The National Institutes of Science and Technology (NIST) Information Technology Laboratory not too long ago launched steering entitled “Software Supply Chain Security Guidance,” in response to directives set forth in President Biden’s Executive Order 14028—Improving the Nation’s Cybersecurity.
The steering refers to present business requirements, instruments, and really helpful practices that had been beforehand revealed by NIST in SP800-161 “Cybersecurity Supply Chain Risk Management Practices for Systems and Organizations.” It is designed for federal companies that “acquire, deploy, use, and manage software from open source projects, third-party suppliers, developers, system integrators, external system service providers, and other information and communications technology (ICT)/operational technology (OT)-related service providers,” however is actually relevant and useful to any group grappling with handle third-party software program vulnerabilities after the SolarWinds incident.
The steering walks readers via software program cybersecurity for producers and customers utilizing the safe software program growth framework and the method by which NIST gathered evolving requirements, instruments, and really helpful practices to deal with software program provide chain safety.

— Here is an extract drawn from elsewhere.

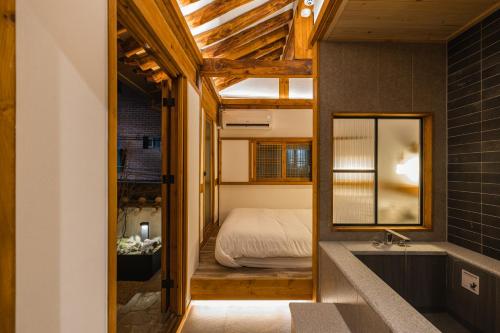 Luxury hanok with private bathtub - SN05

The really helpful practices embrace:
- Ensuring that suppliers of software program services and products are capable of produce a Software Bill of Materials (SBOM)
- Enhanced Vendor Risk Assessments
- Implementing Open Source Software Controls
- Vulnerability Management
NIST publications provide related and simple to know cybersecurity steering. With the rise now we have seen in zero-day vulnerabilities and continued danger of assaults by Russia and China, it is a worthwhile and well timed learn.